## RECORDS SUPPLIED
* * * *

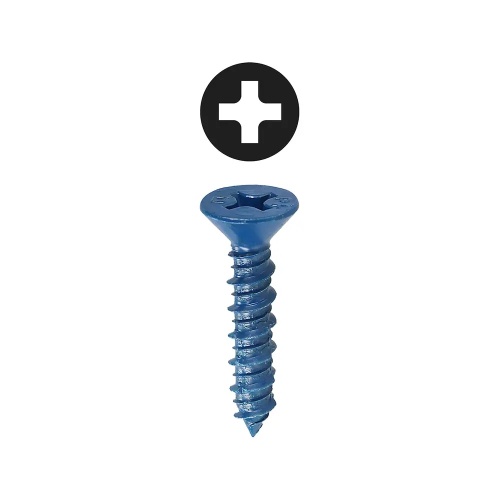 Dottie 14P334 - 1/4'' x 3-3/4'' Phillips Flat Head Concrete Screw Anchor, Carbon Steel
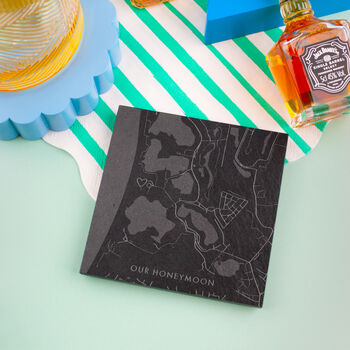 Any Location Street Map Slate Coaster Set, 2 of 9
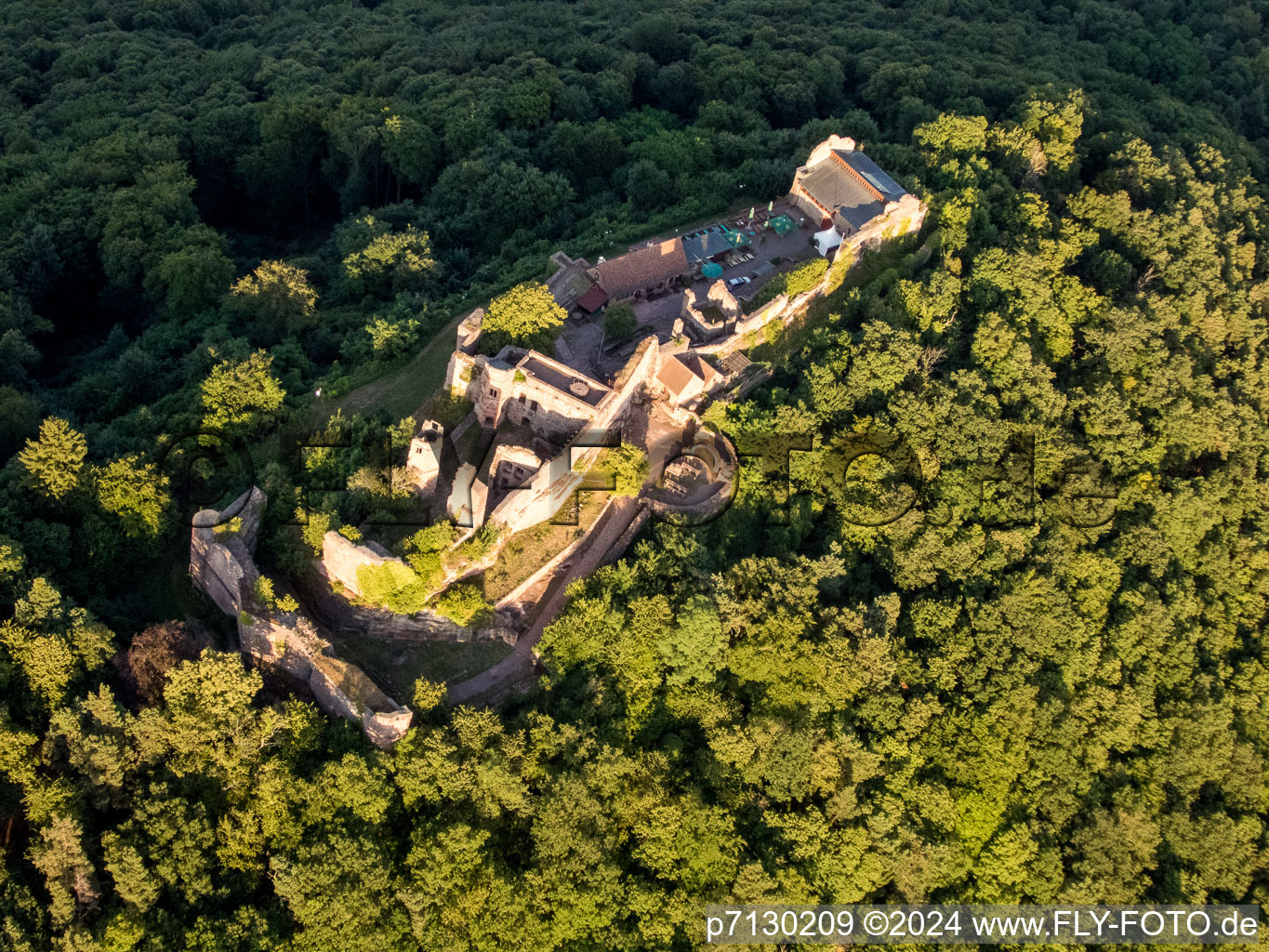 Madenbourg à Eschbach dans le département Rhénanie-Palatinat, Allemagne du point de vue du drone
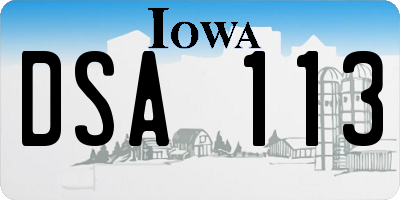 IA license plate DSA113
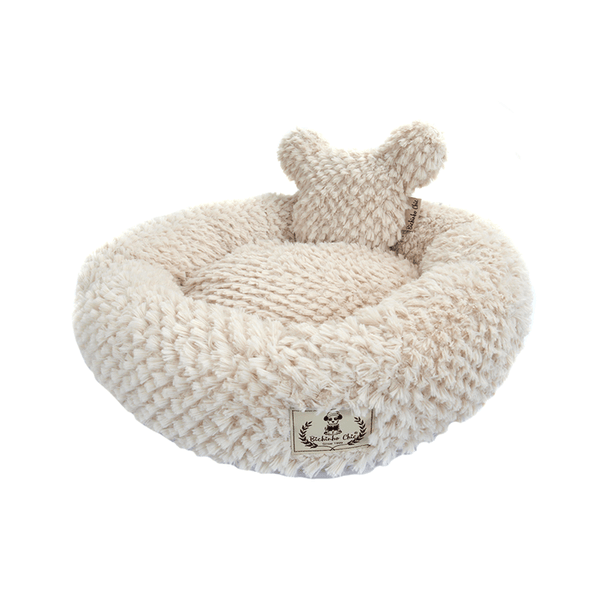 Cama Teddy Bichinho Chic Bege para Cães e Gatos G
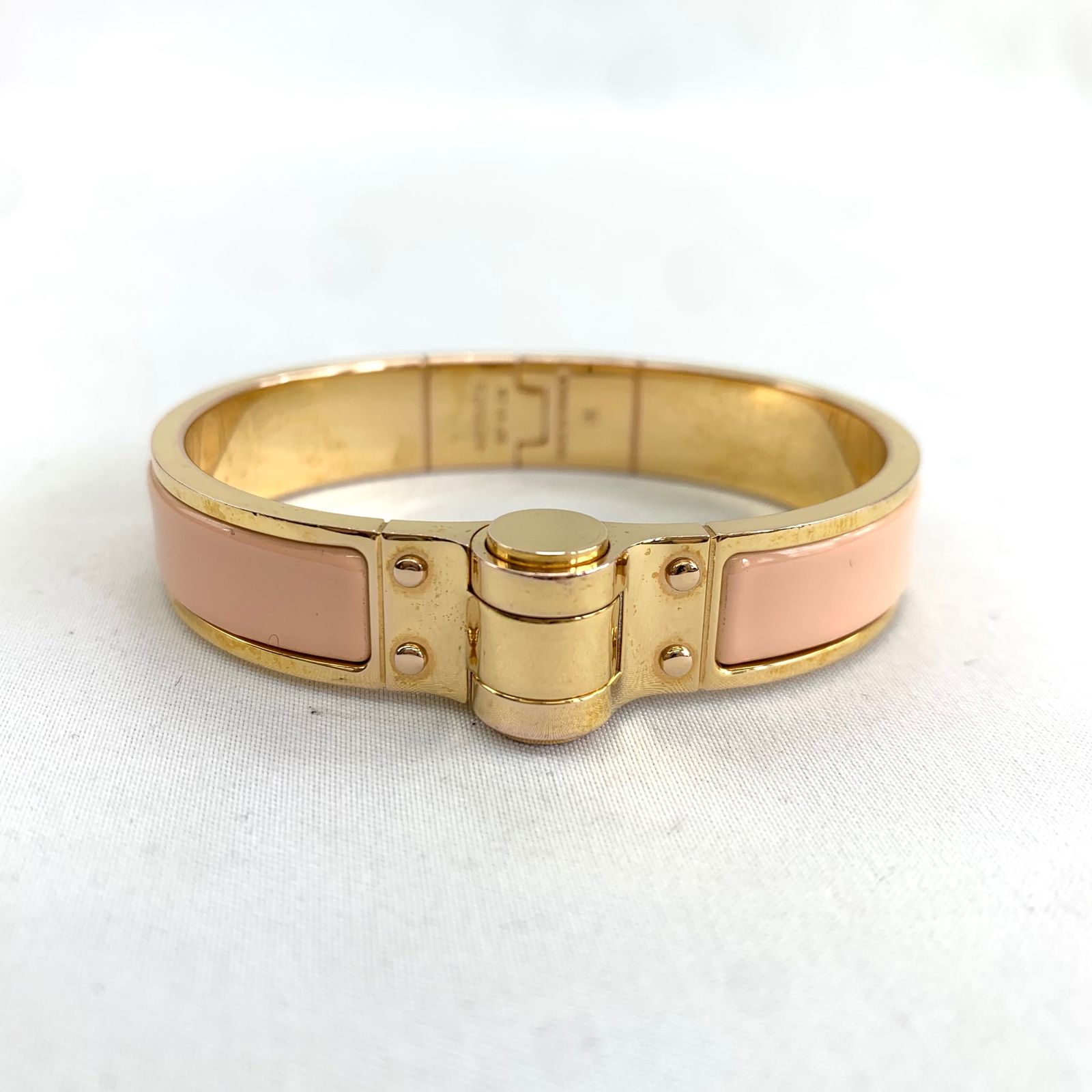 HERMES バングル シャルニエールPM ピンク ゴールド金具 ゴールド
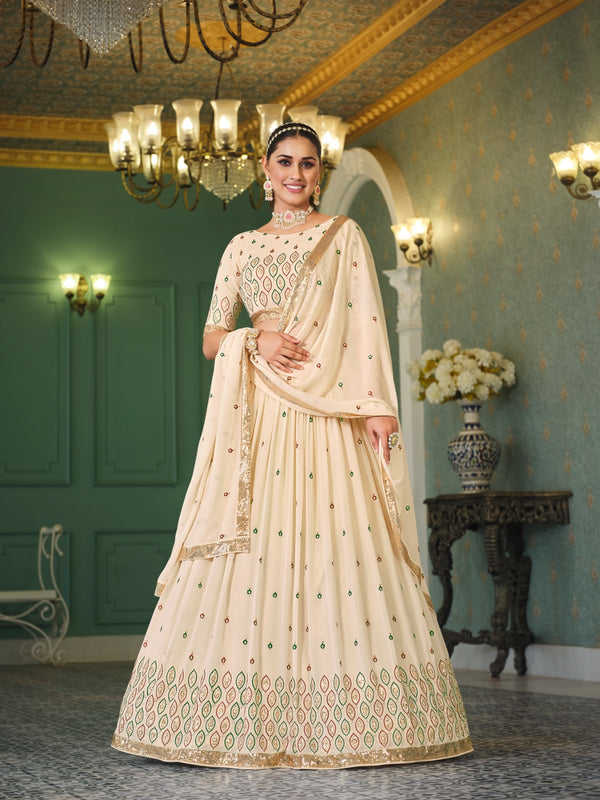 Cream Embroidery And Sequin Semi Stitched Lehenga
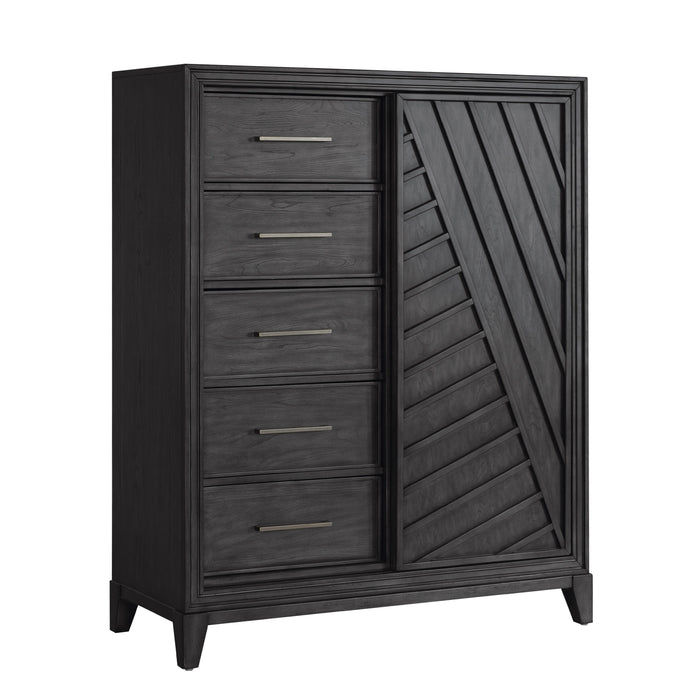 Lenox - 5-Drawer Sliding Door Chest With Storage - Black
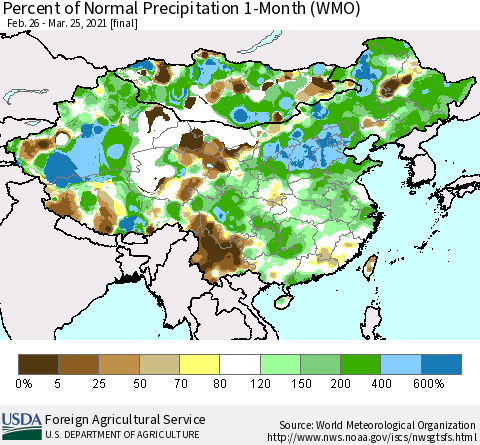 China, Mongolia and Taiwan Percent of Normal Precipitation 1-Month (WMO) Thematic Map For 2/26/2021 - 3/25/2021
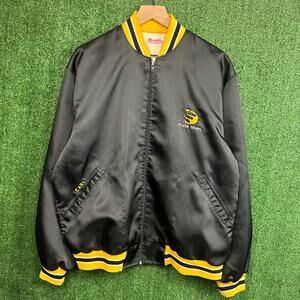 Vintage Fluor Daniel Black Yellow Satin Bomber Jacket by Mendel’s Manila XL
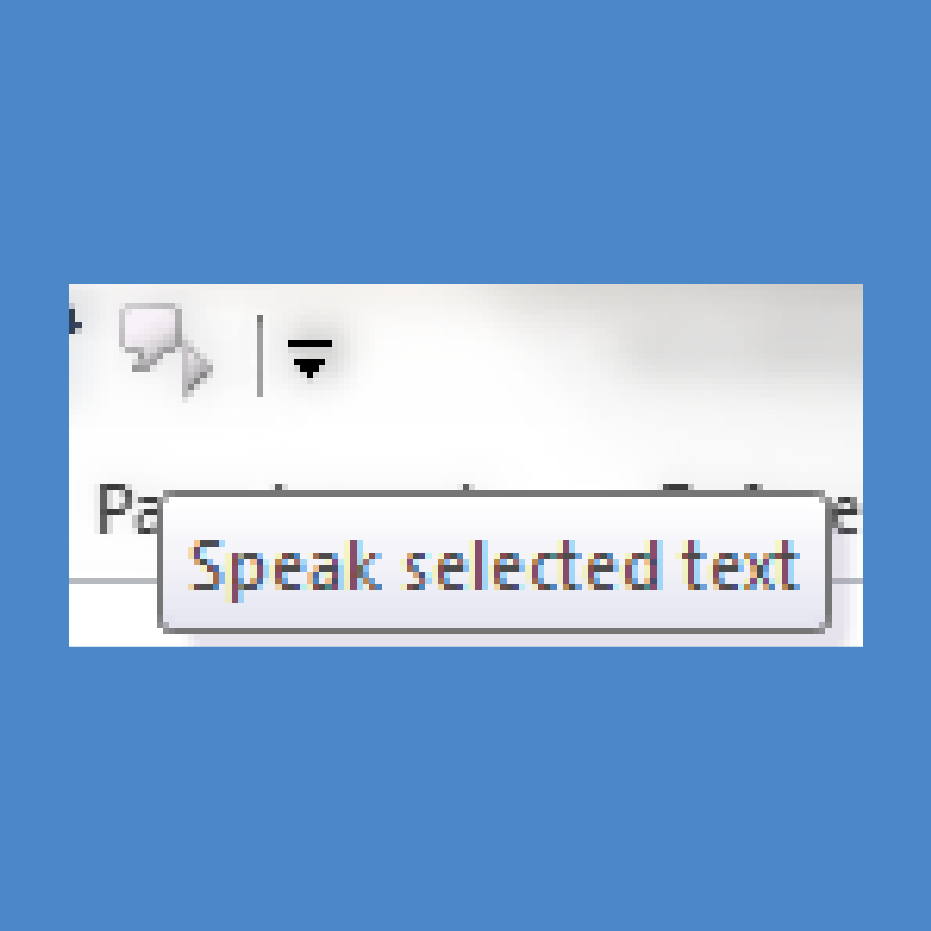 = A screen capture of the Speak selected text tool in Microsoft Word
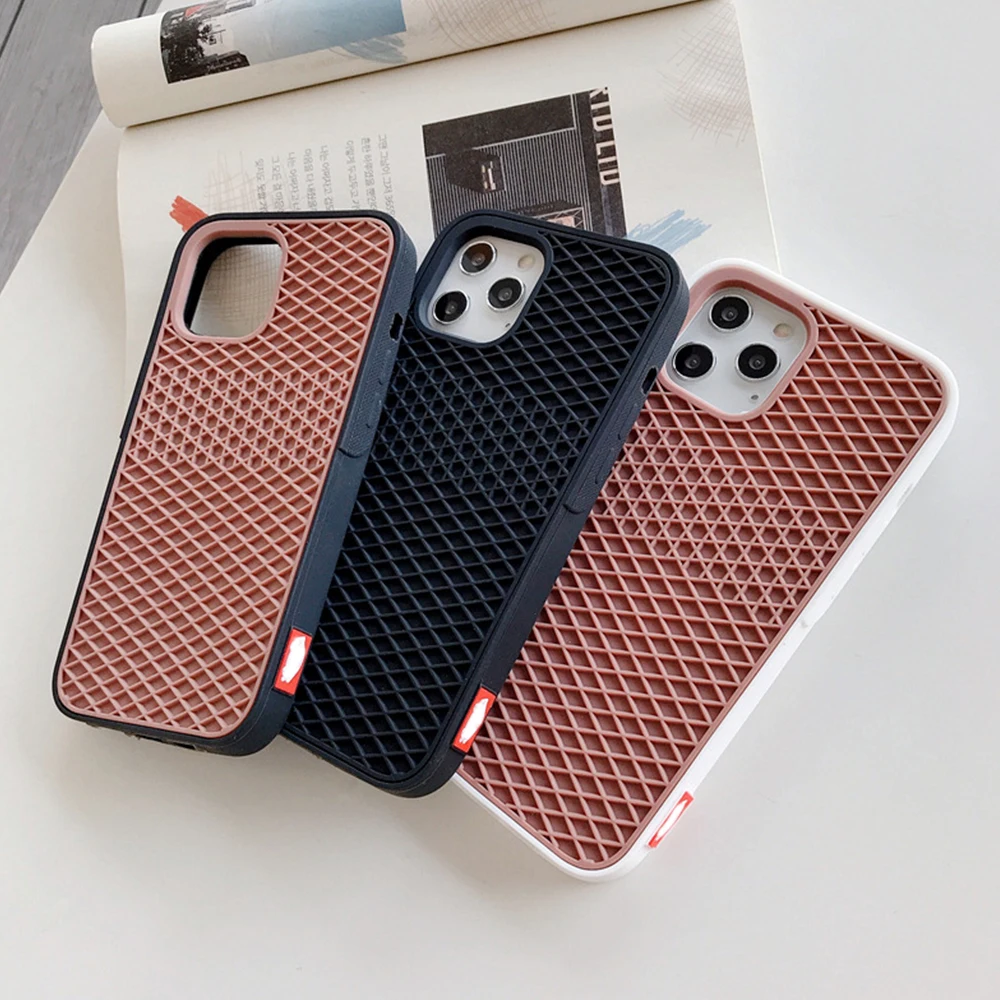 Waffle Shoe Sole Phone Case for iPhone 15 14 11 12 13 16 Pro Max XS XR X 7 8 Plus Soft Silicone Anti-drop Back-Vans-case Cover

* * * *

## EXERCISE AIM
The copy must start at the line containing "China, Mongolia and" and stop at the last line of the listing, both included, with every line exact and no pictures.

## SOLVED PROBLEM
 China, Mongolia and Taiwan Percent of Normal Precipitation 1-Month (WMO) Thematic Map For 2/26/2021 - 3/25/2021
 Vintage Fluor Daniel Black Yellow Satin Bomber Jacket by Mendel’s Manila XL
 = A screen capture of the Speak selected text tool in Microsoft Word
 Waffle Shoe Sole Phone Case for iPhone 15 14 11 12 13 16 Pro Max XS XR X 7 8 Plus Soft Silicone Anti-drop Back-Vans-case Cover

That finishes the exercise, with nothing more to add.